X = df_rq2[feature_num_cols + feature_cat_cols]
y = df_rq2['merged_flag']

# Train-test split
x_train, x_test, y_train, y_test = train_test_split(
    X,
    y,
    test_size=0.2,
    random_state=42,
    stratify=y
)

print(f'Train size: {len(x_train)}, Test size: {len(x_test)}')
create_divider()


In [None]:
from sklearn.preprocessing import StandardScaler
from sklearn.model_selection import StratifiedKFold, cross_val_score

numeric_features = feature_num_cols
categorical_features = feature_cat_cols

numeric_transformer = StandardScaler()
categorical_transformer = OneHotEncoder(handle_unknown='ignore')

preprocessor = ColumnTransformer(
    transformers=[
        ('num', numeric_transformer, numeric_features),
        ('cat', categorical_transformer, categorical_features),
    ]
)

log_regression = LogisticRegression(
    max_iter=1000,
    class_weight='balanced',
    solver='lbfgs'
)

clf = Pipeline(
    steps=[
        ('preprocessor', preprocessor),
        ('classifier', log_regression),
    ]
)

# 10-fold stratified cross-validation (ROC AUC)
cv = StratifiedKFold(n_splits=10, shuffle=True, random_state=42)

cv_auc = cross_val_score(
    clf,
    X,
    y,
    cv=cv,
    scoring='roc_auc'
)

print(f'10-fold CV ROC AUC scores: {cv_auc}')
print(f'Mean CV AUC: {cv_auc.mean():.3f} +/- {cv_auc.std():.3f}')
create_divider()


In [None]:
# Fit pipeline on training data
clf.fit(x_train, y_train)

# Evaluate on test data
y_pred_proba = clf.predict_proba(x_test)[:, 1]
y_pred = clf.predict(x_test)

test_auc = roc_auc_score(y_test, y_pred_proba)
cm = confusion_matrix(y_test, y_pred)

print('\n=== Test set performance ===')
print('Test ROC AUC:', round(test_auc, 3))
print('\nConfusion matrix (rows=true, cols=pred):')
print(cm)
print('\nClassification report:')
print(classification_report(y_test, y_pred))

create_divider()

# Inspect coefficients (feature importance)
log_reg_model = clf.named_steps['classifier']
ohe = clf.named_steps['preprocessor'].named_transformers_['cat']

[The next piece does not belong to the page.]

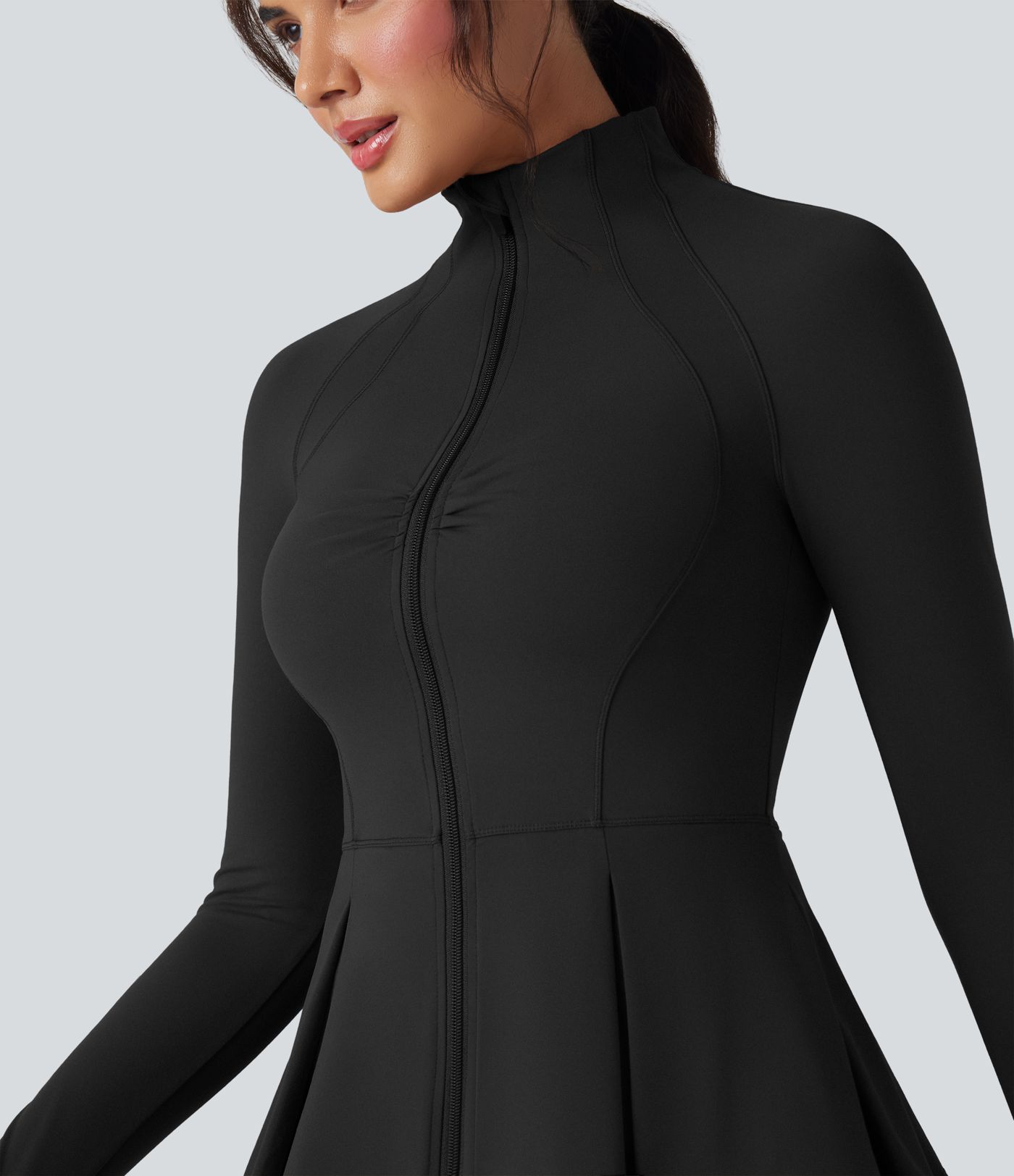 SoftlyZero™ chaqueta delgada para yoga en tejido de felpa suave, con cuello tipo simulacro, orificios para los pulgares, fruncidos y bajo plisado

# Get feature names: numeric + one-hot categorical
numeric_names = feature_num_cols
cat_ohe_names = ohe.get_feature_names_out(feature_cat_cols).tolist()
all_feature_names = numeric_names + cat_ohe_names

coef = log_reg_model.coef_[0]

coef_df = pd.DataFrame({
    'feature': all_feature_names,
    'coef': coef,
    'odds_ratio': np.exp(coef)
}).sort_values('coef', ascending=False)

print('=== Coefficients sorted by effect on merge odds ===')
print(coef_df)
create_divider()


### 8. RQ2 conclusion (plain language)

**Model performance**

- 10-fold stratified CV AUC ≈ **0.716 ± 0.004**
- Test-set ROC AUC ≈ **0.717**

This means:

- If we randomly pick one merged PR and one non-merged PR,
- the model gives the merged one a higher score about **71–72%** of the time.
- So **change complexity + agent identity** carry real signal about merge probability.

**Effect of complexity**

- `log_total_changes` has a **negative coefficient** (odds ratio ≈ 0.80).
- Interpretation: for a 1 standard deviation increase in log total changes,
  the **odds of being merged drop by about 20%**, holding agent identity fixed.
- `files_changed` has a very small effect (odds ratio ≈ 1.05), so once we know how many lines changed, the number of files does not matter much.

**Effect of agent identity**

After controlling for complexity:

- **OpenAI Codex** PRs have much higher merge odds (odds ratio ≈ 2.55).
- **Cursor** has a mild advantage (odds ratio ≈ 1.15).
- **Claude Code** is roughly neutral (odds ratio ≈ 0.92).
- **Devin** PRs have lower merge odds (odds ratio ≈ 0.66).
- **Copilot** has the lowest merge odds (odds ratio ≈ 0.41).

**Answer to RQ2**

- **Yes**, change complexity and agent identity both matter.
- Larger, more complex PRs are **less likely to be merged**.
- Even at similar complexity levels, different AI agents see **different acceptance patterns**: Codex PRs are favored, while Copilot and Devin PRs are more likely to be rejected.